An intersectionality dialogue session was held today looking at how identities interlink, focusing on queerness, race and gender.
Individuals are comprised of conflicting identities that have to be acknowledged in social justice. This was the central theme of the third intersectionality dialogue session held at Wits University on Monday, July 18.
“Intersectionality for me is the acknowledgement that different identity categories mutually constitute each other,” said Prof Tommaso Milani, one of the panelists and associate professor of linguistics from Wits.
Milani went on to explain that “when one looks at my body intersectionally, you can see a huge amount of privilege and then kind of disturbed by a set amount of oppression, which is the issue that I embody a non-normative sexuality.”

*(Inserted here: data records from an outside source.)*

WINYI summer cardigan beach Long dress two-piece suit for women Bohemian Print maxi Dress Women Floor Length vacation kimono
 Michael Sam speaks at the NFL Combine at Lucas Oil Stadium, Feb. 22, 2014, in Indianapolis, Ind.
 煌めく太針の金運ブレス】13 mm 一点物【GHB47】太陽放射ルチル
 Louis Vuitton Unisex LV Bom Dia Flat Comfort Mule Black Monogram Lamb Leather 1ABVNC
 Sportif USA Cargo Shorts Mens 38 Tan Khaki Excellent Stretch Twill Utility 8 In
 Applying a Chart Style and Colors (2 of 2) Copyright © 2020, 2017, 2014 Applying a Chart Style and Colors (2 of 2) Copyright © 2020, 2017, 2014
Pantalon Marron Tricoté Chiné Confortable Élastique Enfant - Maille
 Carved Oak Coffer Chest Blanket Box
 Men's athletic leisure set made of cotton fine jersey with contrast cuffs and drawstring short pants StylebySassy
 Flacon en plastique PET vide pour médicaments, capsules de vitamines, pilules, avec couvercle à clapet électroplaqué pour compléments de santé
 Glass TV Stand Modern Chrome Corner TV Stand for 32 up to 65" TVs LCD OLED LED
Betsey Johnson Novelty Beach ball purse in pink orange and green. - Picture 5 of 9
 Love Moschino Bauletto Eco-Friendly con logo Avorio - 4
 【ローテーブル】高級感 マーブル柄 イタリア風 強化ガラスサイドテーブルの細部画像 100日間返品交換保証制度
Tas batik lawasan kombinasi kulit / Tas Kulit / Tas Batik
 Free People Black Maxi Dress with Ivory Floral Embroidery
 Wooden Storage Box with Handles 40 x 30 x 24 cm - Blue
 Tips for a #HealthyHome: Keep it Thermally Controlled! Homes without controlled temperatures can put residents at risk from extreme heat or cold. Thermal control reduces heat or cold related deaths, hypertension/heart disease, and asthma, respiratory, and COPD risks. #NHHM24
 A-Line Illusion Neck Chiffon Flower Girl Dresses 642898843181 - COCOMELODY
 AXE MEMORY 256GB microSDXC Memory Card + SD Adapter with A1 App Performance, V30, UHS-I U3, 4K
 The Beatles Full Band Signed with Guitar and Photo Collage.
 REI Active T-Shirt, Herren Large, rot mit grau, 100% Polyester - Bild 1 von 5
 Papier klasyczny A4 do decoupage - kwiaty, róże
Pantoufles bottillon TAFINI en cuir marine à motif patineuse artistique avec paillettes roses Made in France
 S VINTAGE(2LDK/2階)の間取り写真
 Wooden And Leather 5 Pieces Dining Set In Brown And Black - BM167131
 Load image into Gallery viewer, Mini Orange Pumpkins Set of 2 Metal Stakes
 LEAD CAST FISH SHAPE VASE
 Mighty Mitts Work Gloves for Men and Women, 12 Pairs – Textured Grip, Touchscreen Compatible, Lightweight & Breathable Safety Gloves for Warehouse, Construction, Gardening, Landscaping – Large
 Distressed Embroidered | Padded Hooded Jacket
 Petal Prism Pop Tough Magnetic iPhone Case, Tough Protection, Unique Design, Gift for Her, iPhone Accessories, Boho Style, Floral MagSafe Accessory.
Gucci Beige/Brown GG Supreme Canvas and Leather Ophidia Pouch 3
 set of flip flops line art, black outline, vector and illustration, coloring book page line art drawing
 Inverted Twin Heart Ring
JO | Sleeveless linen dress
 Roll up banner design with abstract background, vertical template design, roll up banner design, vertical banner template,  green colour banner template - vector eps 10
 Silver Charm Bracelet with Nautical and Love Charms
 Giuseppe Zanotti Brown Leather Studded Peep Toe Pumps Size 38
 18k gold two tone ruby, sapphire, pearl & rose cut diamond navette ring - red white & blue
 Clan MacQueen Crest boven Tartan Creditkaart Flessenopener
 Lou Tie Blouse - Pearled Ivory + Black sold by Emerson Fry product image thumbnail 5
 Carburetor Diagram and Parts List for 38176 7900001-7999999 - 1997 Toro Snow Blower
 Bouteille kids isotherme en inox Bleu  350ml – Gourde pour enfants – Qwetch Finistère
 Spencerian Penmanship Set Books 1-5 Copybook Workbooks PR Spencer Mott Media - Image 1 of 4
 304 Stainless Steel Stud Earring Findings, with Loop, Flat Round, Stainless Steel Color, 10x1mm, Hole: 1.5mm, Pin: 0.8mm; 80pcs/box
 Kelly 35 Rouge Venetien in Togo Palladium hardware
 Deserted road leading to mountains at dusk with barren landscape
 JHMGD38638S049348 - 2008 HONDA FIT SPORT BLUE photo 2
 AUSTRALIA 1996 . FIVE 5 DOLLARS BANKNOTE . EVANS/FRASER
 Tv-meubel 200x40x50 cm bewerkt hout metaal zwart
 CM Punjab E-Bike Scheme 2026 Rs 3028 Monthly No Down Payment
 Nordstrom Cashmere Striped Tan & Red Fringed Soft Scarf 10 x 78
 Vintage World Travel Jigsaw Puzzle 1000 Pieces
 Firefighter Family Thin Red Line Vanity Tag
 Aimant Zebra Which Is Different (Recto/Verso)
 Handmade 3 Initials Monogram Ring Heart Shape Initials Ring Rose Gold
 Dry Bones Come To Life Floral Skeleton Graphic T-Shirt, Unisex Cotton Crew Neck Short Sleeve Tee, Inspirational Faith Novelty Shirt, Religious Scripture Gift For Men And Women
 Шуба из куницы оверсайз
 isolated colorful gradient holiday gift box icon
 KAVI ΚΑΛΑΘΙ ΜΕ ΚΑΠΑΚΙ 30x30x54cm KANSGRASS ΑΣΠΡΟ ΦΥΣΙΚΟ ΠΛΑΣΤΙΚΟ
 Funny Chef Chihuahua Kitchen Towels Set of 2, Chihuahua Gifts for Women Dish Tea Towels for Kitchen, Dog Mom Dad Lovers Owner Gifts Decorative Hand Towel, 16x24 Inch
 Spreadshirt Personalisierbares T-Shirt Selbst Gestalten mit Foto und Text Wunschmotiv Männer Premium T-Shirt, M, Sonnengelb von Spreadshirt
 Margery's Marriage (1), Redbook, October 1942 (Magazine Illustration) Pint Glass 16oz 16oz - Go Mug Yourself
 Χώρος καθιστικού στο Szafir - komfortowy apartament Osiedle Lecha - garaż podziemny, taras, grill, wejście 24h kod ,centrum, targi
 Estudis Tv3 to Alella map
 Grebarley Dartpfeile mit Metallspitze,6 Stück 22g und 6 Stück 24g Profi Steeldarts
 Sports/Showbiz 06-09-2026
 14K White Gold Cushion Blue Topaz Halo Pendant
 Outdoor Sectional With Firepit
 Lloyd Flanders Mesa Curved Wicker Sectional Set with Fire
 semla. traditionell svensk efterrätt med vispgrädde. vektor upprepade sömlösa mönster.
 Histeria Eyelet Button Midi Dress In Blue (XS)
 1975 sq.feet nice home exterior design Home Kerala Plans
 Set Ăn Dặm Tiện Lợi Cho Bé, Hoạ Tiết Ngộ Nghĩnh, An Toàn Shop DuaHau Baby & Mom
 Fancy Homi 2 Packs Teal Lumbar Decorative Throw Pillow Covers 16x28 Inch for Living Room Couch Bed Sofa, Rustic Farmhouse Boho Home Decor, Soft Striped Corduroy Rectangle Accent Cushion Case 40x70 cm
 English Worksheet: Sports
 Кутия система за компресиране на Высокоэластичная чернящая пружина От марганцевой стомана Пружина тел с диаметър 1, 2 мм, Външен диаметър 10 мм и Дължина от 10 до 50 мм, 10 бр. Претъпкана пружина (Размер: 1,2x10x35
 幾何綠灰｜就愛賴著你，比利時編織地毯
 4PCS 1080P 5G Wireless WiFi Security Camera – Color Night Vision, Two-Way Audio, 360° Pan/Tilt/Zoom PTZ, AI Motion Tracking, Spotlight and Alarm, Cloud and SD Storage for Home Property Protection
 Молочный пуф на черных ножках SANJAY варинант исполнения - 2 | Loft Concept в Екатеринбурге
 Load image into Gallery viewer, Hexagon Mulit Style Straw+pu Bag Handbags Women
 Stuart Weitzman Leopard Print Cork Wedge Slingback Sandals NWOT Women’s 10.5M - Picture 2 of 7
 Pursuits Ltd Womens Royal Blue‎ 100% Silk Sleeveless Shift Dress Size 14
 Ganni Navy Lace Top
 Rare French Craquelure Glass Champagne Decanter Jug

Pura Mgolombane of the Wits Transformation and Employment Equity Office facilitated the discussion and explained that within the framework of intersectionality, people can’t “talk about my blackness and take away my queerness”.
“You need to be conscious of the intersection of identities, because as much as in one aspect you may be oppressed, but in another aspect you may be the oppressor yourself,” Mgolombane added.
Li’Tsoanelo Zwane, a gender activist and Wits masters candidate emphasised the point made by her co-panelists by saying, “I am as black, as I am queer, as I am African, as I am a women.”
Zukiswa White, a feminist and activist, explained that there are levels of oppression which in itself is not a linear process.
Zwane added that as human beings “We do not fight single issue struggles because we do not live single issue lives.”
Transformation processes need to adopt the approach of intersectionality to ensure we are “moving in the right direction”, said Mgolombane.